- Revenue of $8.3 billion increased 6% sequentially
- Pretax operating income of $1.1 billion increased 12% sequentially
- Second-quarter GAAP EPS, including charges of $0.12 per share, was $0.31
- Second-quarter EPS, excluding charges, was $0.43
- Cash flow from operations was $987 million
PARIS--(BUSINESS WIRE/AETOSWire)-- Schlumberger Limited (NYSE: SLB) today reported results for the second quarter of 2018.

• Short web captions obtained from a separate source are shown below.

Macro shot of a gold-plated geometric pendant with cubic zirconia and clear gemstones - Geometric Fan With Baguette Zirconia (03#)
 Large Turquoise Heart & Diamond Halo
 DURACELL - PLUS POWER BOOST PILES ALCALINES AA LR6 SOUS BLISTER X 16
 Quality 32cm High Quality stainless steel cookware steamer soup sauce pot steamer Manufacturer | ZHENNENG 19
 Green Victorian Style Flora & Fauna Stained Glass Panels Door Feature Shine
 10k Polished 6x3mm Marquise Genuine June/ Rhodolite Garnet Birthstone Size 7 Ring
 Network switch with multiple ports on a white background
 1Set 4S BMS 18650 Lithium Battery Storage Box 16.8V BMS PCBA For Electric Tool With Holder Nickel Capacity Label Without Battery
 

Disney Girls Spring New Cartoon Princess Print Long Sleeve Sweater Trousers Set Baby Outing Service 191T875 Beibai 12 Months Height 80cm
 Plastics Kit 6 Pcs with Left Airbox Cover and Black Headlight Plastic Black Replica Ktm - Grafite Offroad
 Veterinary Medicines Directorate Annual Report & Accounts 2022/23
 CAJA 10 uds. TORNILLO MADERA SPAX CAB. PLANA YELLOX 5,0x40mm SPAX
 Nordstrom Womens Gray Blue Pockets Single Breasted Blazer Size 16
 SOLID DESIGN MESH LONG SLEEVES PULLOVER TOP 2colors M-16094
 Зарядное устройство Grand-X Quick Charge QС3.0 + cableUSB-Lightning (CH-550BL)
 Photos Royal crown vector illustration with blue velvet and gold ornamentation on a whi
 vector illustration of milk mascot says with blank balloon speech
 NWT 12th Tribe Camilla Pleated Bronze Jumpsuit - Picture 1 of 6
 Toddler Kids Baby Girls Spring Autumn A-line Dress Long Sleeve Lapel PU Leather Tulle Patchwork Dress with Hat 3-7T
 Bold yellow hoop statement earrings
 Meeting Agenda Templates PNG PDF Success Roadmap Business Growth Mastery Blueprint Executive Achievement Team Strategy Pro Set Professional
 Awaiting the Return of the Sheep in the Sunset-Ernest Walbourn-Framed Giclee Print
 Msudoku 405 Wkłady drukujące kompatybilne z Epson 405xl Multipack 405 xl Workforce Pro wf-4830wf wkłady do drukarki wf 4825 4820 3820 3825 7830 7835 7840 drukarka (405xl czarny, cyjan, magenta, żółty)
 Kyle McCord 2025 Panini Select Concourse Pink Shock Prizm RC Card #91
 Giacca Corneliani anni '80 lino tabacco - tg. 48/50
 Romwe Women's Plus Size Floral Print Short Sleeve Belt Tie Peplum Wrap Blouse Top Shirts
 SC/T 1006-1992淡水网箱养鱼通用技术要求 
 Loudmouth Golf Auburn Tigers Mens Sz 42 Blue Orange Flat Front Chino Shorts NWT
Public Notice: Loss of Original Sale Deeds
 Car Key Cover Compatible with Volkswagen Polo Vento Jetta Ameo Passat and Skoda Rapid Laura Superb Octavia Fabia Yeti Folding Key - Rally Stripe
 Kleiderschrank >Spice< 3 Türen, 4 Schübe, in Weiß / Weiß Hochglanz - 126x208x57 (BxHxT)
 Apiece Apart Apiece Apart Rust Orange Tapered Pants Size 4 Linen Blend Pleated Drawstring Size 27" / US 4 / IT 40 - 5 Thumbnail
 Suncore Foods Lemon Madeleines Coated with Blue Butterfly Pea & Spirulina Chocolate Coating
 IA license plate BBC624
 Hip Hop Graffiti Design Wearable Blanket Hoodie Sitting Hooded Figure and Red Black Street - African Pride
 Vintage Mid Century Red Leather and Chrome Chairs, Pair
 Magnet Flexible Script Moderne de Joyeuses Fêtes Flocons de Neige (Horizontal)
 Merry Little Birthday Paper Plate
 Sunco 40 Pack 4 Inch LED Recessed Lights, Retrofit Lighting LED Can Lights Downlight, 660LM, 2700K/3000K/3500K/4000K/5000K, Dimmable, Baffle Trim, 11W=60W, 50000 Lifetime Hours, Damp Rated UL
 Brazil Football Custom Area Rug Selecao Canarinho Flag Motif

(Stated in millions, except per share amounts)
Three Months Ended Change
Jun. 30, 2018 Mar. 31, 2018 Jun. 30, 2017 Sequential Year-on-year
Revenue $8,303 $7,829 $7,462 6% 11%
Pretax operating income $1,094 $974 $950 12% 15%
Pretax operating margin 13.2% 12.4% 12.7% 75 bps 45 bps
Net income - GAAP basis $430 $525 $(74) -18% n/m
Net income, excluding charges & credits* $594 $525 $488 13% 22%
Diluted EPS - GAAP basis $0.31 $0.38 $(0.05) -18% n/m
Diluted EPS, excluding charges & credits* $0.43 $0.38 $0.35 13% 23%
*These are non-GAAP financial measures. See section below entitled "Charges & Credits" for details.
n/m = not meaningful
Schlumberger Chairman and CEO Paal Kibsgaard commented, “The second quarter was both busy and exciting for Schlumberger as we completed a number of major milestones in preparation for the broad-based global activity upturn that is now emerging. We delivered solid top-line growth both in North America and the international markets, building on our strong contract portfolios and our recent tender wins. We mobilized an unprecedented 29 new rigs for our international integrated drilling business, including our first commercial Land Rig of the Future deployment in Saudi Arabia. We successfully rolled out our new, streamlined operations support organization, building on five years of methodical investment to further professionalize all aspects of our work, which will set new standards for internal efficiency, quality, teamwork, and collaboration. As part of this, we made the last adjustment to our organizational setup in the second quarter to conclude the removal of one complete layer of our management and support structure. This will further reduce our cost base, and improve our agility and competitiveness going forward.
“Given the considerable number of new projects we are starting up throughout our international operations, our organization has responded well to both mobilization and project startup challenges. However, the associated costs together with some operational delays impacted our second-quarter pretax operating margins. This resulted in our sequential margin expansion being below our expectations.
“In North America, excluding Cameron, second-quarter revenue of $2.5 billion increased 12% sequentially as we continued our deployment of additional hydraulic fracturing and directional drilling capacity. Despite the impact of the spring breakup in Canada, North America Land revenue grew 9%, driven by market share gains and operational efficiency improvements while pricing remained flat. In the hydraulic fracturing market, we are seeing an accelerating customer trend of separating the procurement of pumping services and sand supply. As our multiyear vertical integration investment program approaches completion, it enables us to bid competitively on integrated or stand-alone sand contracts. North America Offshore activity began to recover during the second quarter with new drilling projects starting up in Eastern Canada, the US Gulf of Mexico, and the Caribbean, resulting in sequential offshore revenue growth of 22%.
“Excluding Cameron, second-quarter revenue in the international markets of $4.4 billion grew 6% sequentially despite flat revenue in Russia, and only nominal growth in the Middle East, where startup and project delays affected our results. Sequential growth was driven by an 18% improvement in Asia and Australia, 9% in Europe and Africa, and 3% in Latin America. These figures confirm that a much broader-based international recovery is now emerging. Pricing improved in the international markets during the second quarter, and while the numbers are not yet material, a trend has been established and customer pricing discussions are continuing both for new and existing contracts. With a number of large-scale project awards absorbing our remaining spare capacity in both drilling and production services, our equipment will be fully deployed during the fourth quarter, after which we expect a further strengthening of the international pricing recovery.